Um dos fatores apontados pelos analistas para esse aumento súbito é uma promoção corrente. Em todo o mundo, a empresa apresenta uma proposta de assinatura por preço reduzido que tem atraído a atenção de usuários justamente por acabar com os anúncios. No Brasil, por exemplo, a empresa comemora um ano desde seu lançamento oficial cobrando R$ 1,99 por três meses de acesso Premium para novos clientes.

A expectativa é que quem aproveitou a oferta permaneça como assinante depois que o período promocional termine e eles tenham que pagar o valor tradicional, que por aqui é de R$ 14,90. É um movimento extremamente necessário, já que, como se comenta há algum tempo na imprensa, gravadoras e empresas da indústria fonográfica vêm exercendo pressão sobre a plataforma devido ao baixo pagamento de royalties por execução de canções, um fruto, justamente, da política de acesso gratuito promovida pelo Spotify.

Apesar de toda essa gente, a empresa ainda não está no azul. No final do ano passado, o Spotify apresentou um aumento de 45% no faturamento, mas também perdas de mais de US$ 180 milhões. 70% de todos os gastos da companhia é voltada para o pagamento de royalties aos artistas, um custo que não é coberto pela renda oriunda dos anúncios ouvidos pela maioria de seus usuários gratuitos. Por isso o foco em angariar novos assinantes para fazer com que essa conta feche.

O grande rival que ainda nem chegou

Apple Music

Não ajudou muito, também, o fato de que a Apple, que já mudou esse mercado uma vez, está adotando um modelo baseado única e exclusivamente em assinaturas. Como revelou nesta segunda-feira (08), durante o WWDC, o Apple Music dará três meses gratuitos para todos os usuários que, depois, precisarão pagar US$ 10 por mês. É um valor inferior ao cobrado pelo Spotify e para um serviço que vem ganhando atenção antes mesmo de ser lançado.

A origem da plataforma é o Beats Music, que a Apple comprou no final do ano passado junto com toda a operação de eletrônicos e equipamentos de áudio da empresa homônima. Com a presença do astro da música Dr. Dre e do produtor Jimmy Iovine, a Apple espera atrair a simpatia das gravadoras na obtenção de acordos de licenciamento e exclusividade, além de garantir que artistas transformem a nova plataforma em um ponto de foco de atenção, assim como já fazem hoje com a iTunes Store.

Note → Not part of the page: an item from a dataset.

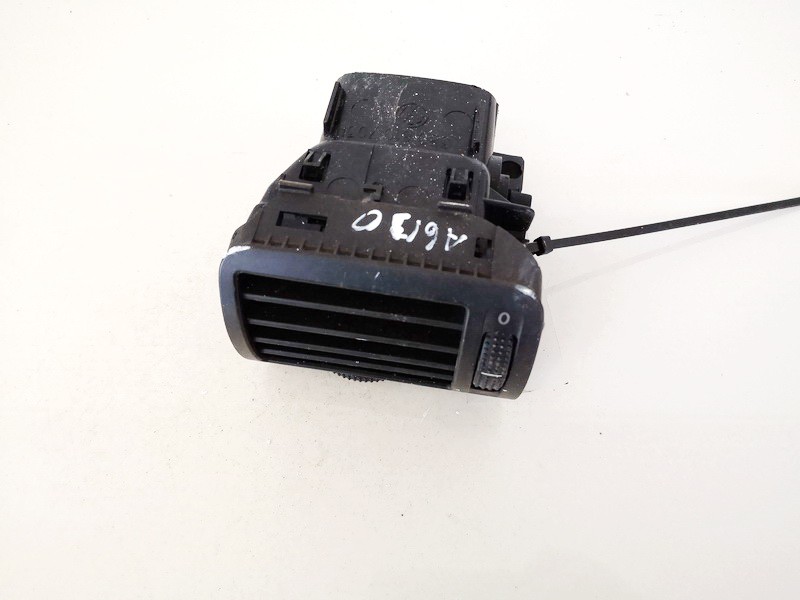 3B0819703D Volkswagen Passat 2003 Dash Vent (Air Vent Grille)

Apesar disso, a Apple ainda tem um longo caminho a seguir. De acordo com os últimos dados oficiais divulgados, o Beats Music contava apenas com 250 mil usuários registrados. Não dá para prever com exatidão o que vai acontecer quando a plataforma for lançada, em junho, mas o Spotify tem certa vantagem nesse sentido. Atualmente, o líder na guerra dos serviços de streaming é o Pandora. Presente em apenas três países, o serviço foi um dos pioneiros do setor e acumula quase 80 milhões de ouvintes.